Even with AVX-512 (for 512-bit registers), the widest add / mul instructions are still 64-bit elements. x86-64 did introduce 64x64 => 64-bit multiply in SIMD elements.

Short Answer

The way that C++ applications will handle 128-bit integers will differ based on the Operating System or bare metal calling a convention. Microsoft has their own convention that, much to my own dismay, the resulting 128-bit return value CAN NOT be returned from a function as a single value. The Microsoft x64 Calling Convention dictates that when returning a value, you may return one 64-bit integer or two 32-bit integers. For example, you can do word * word = dword, but in Visual-C++ you must use _umul128 to return the HighProduct, regardless of it being in the RDX:RAX pair. I cried, it was sad. :-(

The System-V calling convention, however, does allow for returning 128-bit return types in RAX:RDX. https://godbolt.org/z/vdd8rK38e. (And GCC / clang have __int128 to get the compiler to emit the necessary instructions to 2-register add/sub/mul, and helper function for div - Is there a 128 bit integer in gcc?)
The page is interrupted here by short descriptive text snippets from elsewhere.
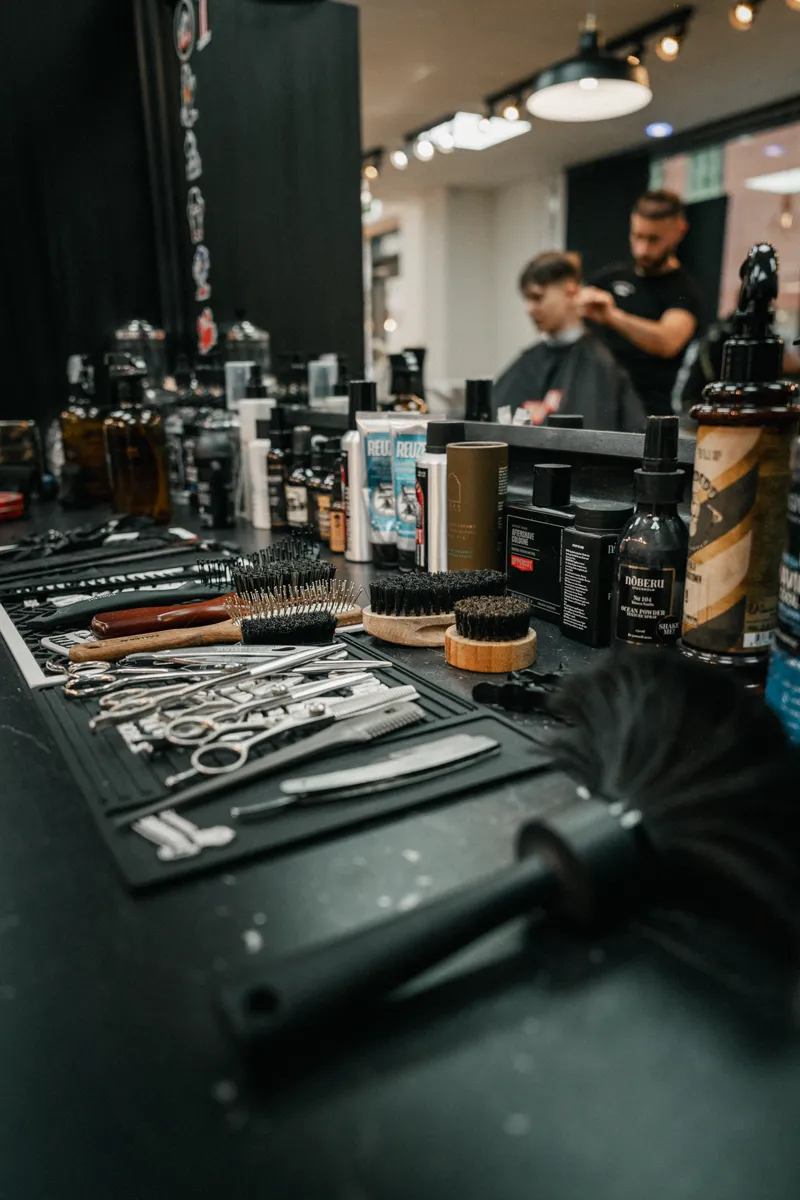 Barbershop verktyg - saxar, borstar och produkter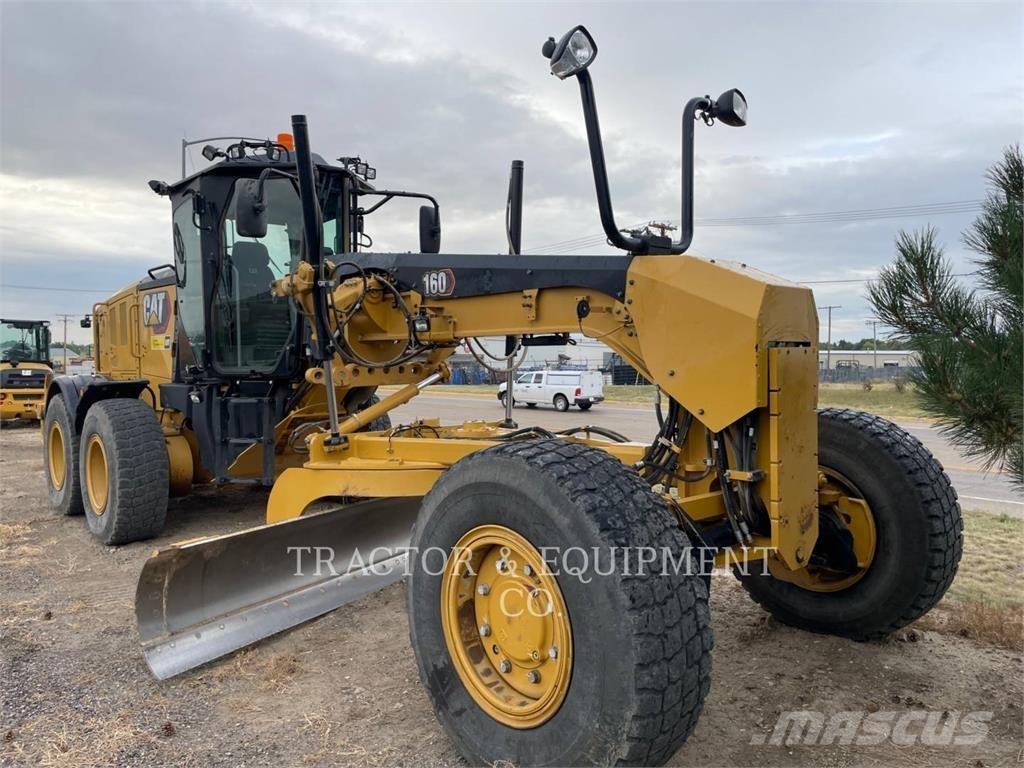 CAT 160 AWD Väghyvlar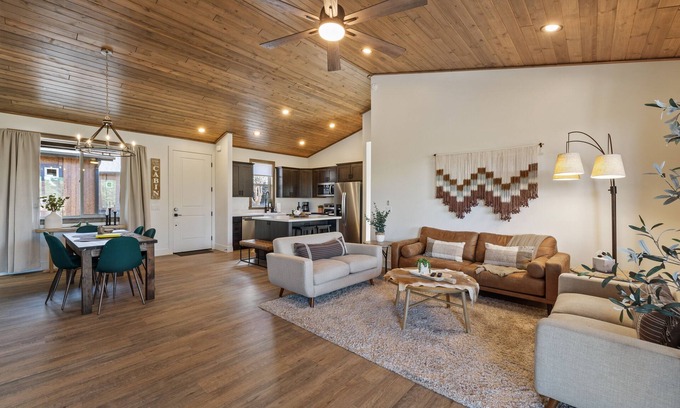 Show Low Cabin | 2 BD/2BA Cabin Escape W/Views of National Forest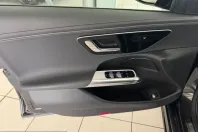 Mercedes-Benz E 200 (Clasa E) din 2025 cu 25.678 km - oferta MER260984 - foto 10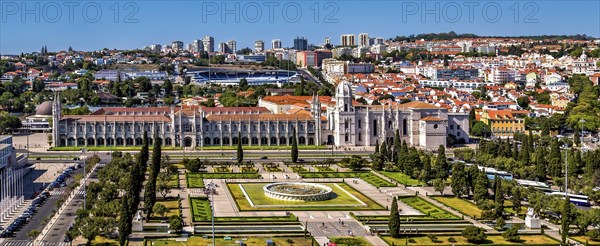 Luftaufnahme eines historischen Gebäudekomplexes in einer Stadt mit umgebender Vegetation, Lissabon, Mosteiro dos Jeronimos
As for whether you should count on 128-bit integer support, it's extremely rare to come across a user using a 32-bit x86 CPU because they are too slow so it is not best practice to design software to run on 32-bit x86 CPUs because it increases development costs and may lead to a degraded user experience; expect an Athlon 64 or Core 2 Duo to the minimum spec. You can expect the code to not perform as well on Microsoft as Unix OS(s).

The Intel architecture registers are set in stone, but Intel and AMD are constantly rolling out new architecture extensions but compilers and apps take a long time to update you can't count on it for cross-platform. You'll want to read the Intel 64 and IA-32 Architecture Software Developer’s Manual and AMD64 Programmers Manual.